Thanks, that link was vey helpful. I am gonna be presistant and only feed them the pellets everynight for at least a week and see if they accept them. Wish me luck


----------



## nero1 (Jul 26, 2008)

DAY 3 : Have not eaten anything, and still show no signs of interest in the pellets. The are getting much more aggressive toward each other as a matter of fact I just witnessed my first fight as I was typing this. Should I continue to starve them and offer only pellets? I am not sure my nerves can handle this however I feel that it is very important for them to accept pellets. Please anyone that has gone through something very similar let me know your comments.

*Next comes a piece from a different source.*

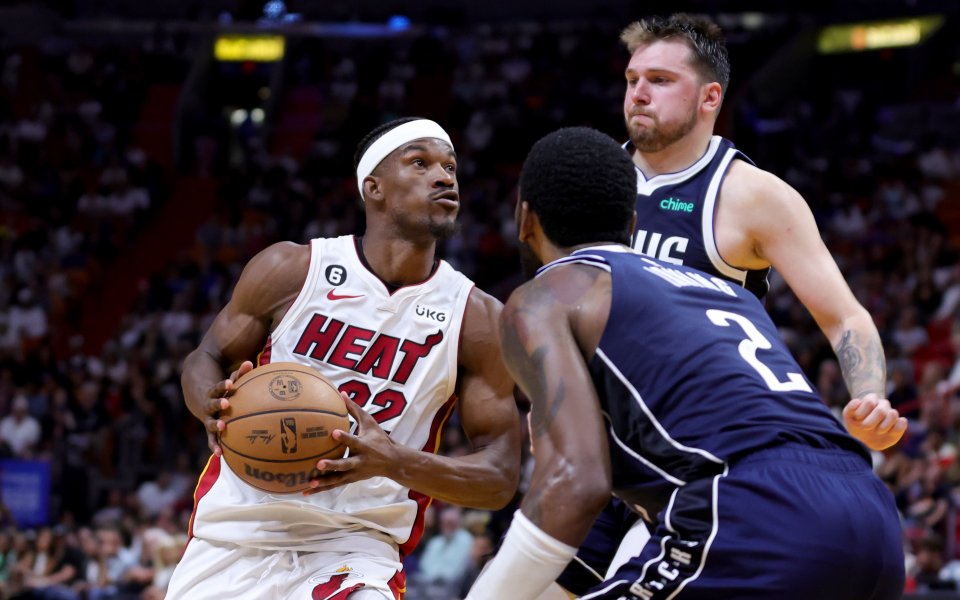 Джими Бътлър завърши с дабъл-дабъл - 35 точки и рекордните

I feel like im risking losing one or more at this point.


----------



## Nick G (Jul 15, 2007)

how long have they gone without food? 3 days?
how big is the tank? is there adequate hiding spaces. 
once i had 12 reds, all about 3 inches in a 55 gallon (was a huge mistake but i fixed it) i got them to eat pellets by just making sure there was enough hiding places, make sure the water params were PERFECT, and offering pellets once. they didnt take them. i waited 24 hours, offered them again with no success, then i waited 48 hours, still nothing, waited 72 hours, and then some started to take them, then i tried the next day and they all ate. its easy when there is a group because all it really takes is one to eat them, and they rest will follow. 
them being agressive towards each other wont be about food if its only been 3 days since they ate. are you taking the uneaten pellets out? if so, after how long? my suggestion would be to give it 20 minutes in the tank then remove. one trick i did was to put them right near a HOB filter output, it kinda pushed them under water and got the fish interested i think.
how big are your piraya now? in august you said they were 2-3" 
by my guesses they are about 4-4.5" now?


----------